What is required: Each line of the data below that carries the word "sale" needs to be copied.

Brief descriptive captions
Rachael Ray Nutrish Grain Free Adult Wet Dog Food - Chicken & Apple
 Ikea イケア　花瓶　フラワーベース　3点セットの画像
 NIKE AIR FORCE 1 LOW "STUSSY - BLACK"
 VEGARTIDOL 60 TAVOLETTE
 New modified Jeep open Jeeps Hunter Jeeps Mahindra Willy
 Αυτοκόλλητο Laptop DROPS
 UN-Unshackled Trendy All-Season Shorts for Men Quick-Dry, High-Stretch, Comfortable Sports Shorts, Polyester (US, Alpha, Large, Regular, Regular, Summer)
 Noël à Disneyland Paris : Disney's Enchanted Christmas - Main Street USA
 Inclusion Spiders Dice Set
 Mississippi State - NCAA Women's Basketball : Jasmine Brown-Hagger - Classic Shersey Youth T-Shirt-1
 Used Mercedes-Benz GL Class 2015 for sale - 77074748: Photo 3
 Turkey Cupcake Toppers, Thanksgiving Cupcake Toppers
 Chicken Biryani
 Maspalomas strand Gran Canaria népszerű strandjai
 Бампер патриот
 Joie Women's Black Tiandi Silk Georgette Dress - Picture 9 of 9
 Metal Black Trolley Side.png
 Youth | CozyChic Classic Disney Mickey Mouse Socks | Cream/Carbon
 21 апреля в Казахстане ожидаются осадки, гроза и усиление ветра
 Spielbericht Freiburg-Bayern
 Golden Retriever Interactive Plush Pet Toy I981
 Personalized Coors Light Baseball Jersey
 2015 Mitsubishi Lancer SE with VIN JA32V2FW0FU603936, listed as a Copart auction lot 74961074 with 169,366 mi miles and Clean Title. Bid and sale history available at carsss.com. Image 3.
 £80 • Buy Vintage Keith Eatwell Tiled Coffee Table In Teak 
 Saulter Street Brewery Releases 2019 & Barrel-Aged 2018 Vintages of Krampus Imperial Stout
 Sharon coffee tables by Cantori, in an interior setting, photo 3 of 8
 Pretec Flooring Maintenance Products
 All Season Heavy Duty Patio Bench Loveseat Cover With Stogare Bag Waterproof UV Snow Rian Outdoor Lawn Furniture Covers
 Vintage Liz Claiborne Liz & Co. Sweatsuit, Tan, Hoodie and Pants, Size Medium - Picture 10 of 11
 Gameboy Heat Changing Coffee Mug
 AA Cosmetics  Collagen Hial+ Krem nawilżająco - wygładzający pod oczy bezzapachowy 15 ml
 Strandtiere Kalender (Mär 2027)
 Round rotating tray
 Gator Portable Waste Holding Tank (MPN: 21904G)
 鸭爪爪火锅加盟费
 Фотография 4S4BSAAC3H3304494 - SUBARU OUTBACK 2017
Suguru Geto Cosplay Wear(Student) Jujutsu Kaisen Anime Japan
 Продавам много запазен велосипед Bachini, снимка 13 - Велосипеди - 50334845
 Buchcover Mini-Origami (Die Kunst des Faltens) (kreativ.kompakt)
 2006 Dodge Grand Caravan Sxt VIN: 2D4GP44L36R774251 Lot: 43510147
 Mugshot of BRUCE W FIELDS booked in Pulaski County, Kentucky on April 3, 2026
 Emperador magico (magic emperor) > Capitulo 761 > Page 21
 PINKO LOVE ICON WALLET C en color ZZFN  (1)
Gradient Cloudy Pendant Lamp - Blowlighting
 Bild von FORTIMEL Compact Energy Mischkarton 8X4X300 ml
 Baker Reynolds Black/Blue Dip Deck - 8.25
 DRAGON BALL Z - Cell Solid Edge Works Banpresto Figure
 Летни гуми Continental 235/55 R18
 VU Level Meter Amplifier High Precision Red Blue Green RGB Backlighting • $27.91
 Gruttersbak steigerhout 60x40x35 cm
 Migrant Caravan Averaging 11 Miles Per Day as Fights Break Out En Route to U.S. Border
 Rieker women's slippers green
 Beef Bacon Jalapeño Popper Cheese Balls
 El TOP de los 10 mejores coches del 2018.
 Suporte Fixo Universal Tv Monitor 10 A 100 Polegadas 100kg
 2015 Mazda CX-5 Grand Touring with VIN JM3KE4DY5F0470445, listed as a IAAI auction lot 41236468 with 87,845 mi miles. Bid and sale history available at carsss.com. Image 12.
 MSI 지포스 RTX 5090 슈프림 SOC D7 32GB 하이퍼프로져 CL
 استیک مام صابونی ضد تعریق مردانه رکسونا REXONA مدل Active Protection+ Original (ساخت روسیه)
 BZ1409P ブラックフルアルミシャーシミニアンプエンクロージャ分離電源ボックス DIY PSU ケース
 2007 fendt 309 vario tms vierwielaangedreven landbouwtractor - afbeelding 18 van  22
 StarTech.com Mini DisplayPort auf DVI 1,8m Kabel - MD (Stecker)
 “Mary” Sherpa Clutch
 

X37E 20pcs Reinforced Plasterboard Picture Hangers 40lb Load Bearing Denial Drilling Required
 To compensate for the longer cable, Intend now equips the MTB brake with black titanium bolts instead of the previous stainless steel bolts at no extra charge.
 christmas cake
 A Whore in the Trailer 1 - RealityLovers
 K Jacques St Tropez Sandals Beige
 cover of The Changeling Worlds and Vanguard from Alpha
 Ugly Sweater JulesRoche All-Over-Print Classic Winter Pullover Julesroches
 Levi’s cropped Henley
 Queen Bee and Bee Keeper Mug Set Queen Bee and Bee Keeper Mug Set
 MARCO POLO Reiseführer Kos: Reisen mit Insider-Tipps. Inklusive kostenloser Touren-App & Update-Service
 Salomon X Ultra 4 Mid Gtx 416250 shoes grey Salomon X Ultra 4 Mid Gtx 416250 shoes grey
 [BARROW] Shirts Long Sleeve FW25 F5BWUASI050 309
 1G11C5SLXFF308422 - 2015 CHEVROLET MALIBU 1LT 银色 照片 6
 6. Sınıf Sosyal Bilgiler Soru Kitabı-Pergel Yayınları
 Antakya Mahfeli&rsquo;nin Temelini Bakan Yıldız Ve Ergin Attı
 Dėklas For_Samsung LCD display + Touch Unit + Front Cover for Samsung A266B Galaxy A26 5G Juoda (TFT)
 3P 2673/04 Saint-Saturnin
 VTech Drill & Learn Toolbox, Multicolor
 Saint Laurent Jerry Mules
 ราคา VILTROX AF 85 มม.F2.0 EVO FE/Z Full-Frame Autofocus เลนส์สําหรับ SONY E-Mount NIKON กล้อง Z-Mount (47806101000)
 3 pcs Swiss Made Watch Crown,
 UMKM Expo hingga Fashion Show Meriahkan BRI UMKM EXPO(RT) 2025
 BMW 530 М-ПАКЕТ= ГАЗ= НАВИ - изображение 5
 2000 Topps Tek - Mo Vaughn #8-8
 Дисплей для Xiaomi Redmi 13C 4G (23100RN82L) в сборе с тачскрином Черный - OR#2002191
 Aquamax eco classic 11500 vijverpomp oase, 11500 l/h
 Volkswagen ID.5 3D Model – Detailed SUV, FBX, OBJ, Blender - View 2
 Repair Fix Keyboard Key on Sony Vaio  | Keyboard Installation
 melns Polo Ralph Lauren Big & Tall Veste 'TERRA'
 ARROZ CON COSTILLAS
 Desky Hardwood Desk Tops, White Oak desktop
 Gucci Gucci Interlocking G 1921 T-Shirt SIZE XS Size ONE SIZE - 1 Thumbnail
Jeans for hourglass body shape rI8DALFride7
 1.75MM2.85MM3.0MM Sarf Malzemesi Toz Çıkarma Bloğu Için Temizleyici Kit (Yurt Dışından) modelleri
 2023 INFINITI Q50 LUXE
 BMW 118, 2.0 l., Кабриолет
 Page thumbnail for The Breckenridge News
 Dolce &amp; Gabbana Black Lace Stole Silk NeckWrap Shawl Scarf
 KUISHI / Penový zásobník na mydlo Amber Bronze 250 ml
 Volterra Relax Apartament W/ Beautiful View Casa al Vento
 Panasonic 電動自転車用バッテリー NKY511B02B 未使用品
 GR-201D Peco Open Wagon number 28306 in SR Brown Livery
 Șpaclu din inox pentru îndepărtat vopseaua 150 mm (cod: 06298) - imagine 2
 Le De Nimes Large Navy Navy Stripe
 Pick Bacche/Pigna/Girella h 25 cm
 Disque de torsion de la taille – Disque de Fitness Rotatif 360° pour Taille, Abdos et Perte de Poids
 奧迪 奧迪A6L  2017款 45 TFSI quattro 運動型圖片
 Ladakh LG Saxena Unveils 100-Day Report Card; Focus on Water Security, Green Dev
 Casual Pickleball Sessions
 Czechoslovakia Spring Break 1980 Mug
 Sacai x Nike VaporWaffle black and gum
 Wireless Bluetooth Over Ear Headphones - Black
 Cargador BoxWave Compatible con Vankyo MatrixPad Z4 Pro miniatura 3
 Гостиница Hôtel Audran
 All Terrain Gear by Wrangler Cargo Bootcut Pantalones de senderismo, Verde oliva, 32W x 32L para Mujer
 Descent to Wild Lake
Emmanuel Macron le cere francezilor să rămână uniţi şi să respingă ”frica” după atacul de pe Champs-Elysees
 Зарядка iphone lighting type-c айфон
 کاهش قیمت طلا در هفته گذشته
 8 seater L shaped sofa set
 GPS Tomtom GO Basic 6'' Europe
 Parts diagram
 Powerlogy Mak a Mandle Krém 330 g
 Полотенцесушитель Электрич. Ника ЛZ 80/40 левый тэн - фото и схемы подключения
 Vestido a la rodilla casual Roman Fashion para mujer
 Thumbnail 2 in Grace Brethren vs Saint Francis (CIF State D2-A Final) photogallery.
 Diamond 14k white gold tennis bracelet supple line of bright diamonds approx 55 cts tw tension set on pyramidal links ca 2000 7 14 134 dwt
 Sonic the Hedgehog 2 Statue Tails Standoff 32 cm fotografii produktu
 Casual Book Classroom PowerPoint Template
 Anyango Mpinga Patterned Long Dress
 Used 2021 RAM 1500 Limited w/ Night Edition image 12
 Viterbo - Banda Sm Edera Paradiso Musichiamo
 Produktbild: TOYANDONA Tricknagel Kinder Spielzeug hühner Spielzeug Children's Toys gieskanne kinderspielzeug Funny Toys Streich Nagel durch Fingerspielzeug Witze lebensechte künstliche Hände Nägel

Exercise output:
 Used Mercedes-Benz GL Class 2015 for sale - 77074748: Photo 3
 2015 Mitsubishi Lancer SE with VIN JA32V2FW0FU603936, listed as a Copart auction lot 74961074 with 169,366 mi miles and Clean Title. Bid and sale history available at carsss.com. Image 3.
 2015 Mazda CX-5 Grand Touring with VIN JM3KE4DY5F0470445, listed as a IAAI auction lot 41236468 with 87,845 mi miles. Bid and sale history available at carsss.com. Image 12.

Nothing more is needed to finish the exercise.